▶ **Records provided**
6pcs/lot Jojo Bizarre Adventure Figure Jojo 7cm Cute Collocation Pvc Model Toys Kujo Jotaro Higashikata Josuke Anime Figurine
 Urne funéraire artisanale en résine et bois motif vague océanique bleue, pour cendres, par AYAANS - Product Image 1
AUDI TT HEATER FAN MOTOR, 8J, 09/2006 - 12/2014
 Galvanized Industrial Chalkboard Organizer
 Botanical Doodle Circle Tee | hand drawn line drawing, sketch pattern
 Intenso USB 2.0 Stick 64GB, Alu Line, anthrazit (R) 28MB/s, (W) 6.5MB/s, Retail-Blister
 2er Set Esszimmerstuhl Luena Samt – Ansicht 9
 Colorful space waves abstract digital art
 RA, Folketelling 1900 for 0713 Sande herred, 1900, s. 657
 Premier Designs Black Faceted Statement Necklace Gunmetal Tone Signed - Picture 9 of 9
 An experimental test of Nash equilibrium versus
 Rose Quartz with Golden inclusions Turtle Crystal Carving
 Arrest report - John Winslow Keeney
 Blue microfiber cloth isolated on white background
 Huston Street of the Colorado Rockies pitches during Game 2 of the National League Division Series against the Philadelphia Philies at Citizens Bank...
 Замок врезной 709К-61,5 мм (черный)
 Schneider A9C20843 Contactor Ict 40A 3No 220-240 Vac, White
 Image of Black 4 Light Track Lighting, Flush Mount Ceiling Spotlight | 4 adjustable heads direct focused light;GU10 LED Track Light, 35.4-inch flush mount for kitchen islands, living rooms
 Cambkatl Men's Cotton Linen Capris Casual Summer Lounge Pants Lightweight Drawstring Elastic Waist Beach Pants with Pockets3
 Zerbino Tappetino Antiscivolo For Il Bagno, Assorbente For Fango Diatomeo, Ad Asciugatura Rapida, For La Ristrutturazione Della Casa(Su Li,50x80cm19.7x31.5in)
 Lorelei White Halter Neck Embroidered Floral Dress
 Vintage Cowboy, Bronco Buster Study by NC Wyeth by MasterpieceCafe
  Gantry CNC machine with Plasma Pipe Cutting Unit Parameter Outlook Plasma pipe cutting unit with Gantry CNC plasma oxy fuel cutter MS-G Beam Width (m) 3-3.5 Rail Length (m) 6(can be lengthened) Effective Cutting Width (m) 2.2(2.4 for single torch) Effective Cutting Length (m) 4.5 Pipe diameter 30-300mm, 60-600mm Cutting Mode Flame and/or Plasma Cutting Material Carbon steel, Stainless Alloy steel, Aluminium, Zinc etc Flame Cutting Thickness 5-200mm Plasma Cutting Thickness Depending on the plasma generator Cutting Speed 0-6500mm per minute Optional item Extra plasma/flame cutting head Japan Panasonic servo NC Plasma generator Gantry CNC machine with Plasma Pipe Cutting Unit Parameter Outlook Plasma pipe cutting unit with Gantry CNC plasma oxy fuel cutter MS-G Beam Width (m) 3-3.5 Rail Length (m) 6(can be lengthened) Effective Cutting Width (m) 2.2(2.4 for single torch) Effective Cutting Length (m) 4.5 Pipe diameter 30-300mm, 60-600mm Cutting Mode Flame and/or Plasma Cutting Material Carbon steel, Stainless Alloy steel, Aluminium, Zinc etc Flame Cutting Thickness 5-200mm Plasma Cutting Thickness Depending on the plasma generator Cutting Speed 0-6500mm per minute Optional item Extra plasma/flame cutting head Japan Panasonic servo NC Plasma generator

▶ **Exercise brief**
If a line in the data above includes the string "Black", copy it.

▶ **Reply to the task**
 Premier Designs Black Faceted Statement Necklace Gunmetal Tone Signed - Picture 9 of 9
 Image of Black 4 Light Track Lighting, Flush Mount Ceiling Spotlight | 4 adjustable heads direct focused light;GU10 LED Track Light, 35.4-inch flush mount for kitchen islands, living rooms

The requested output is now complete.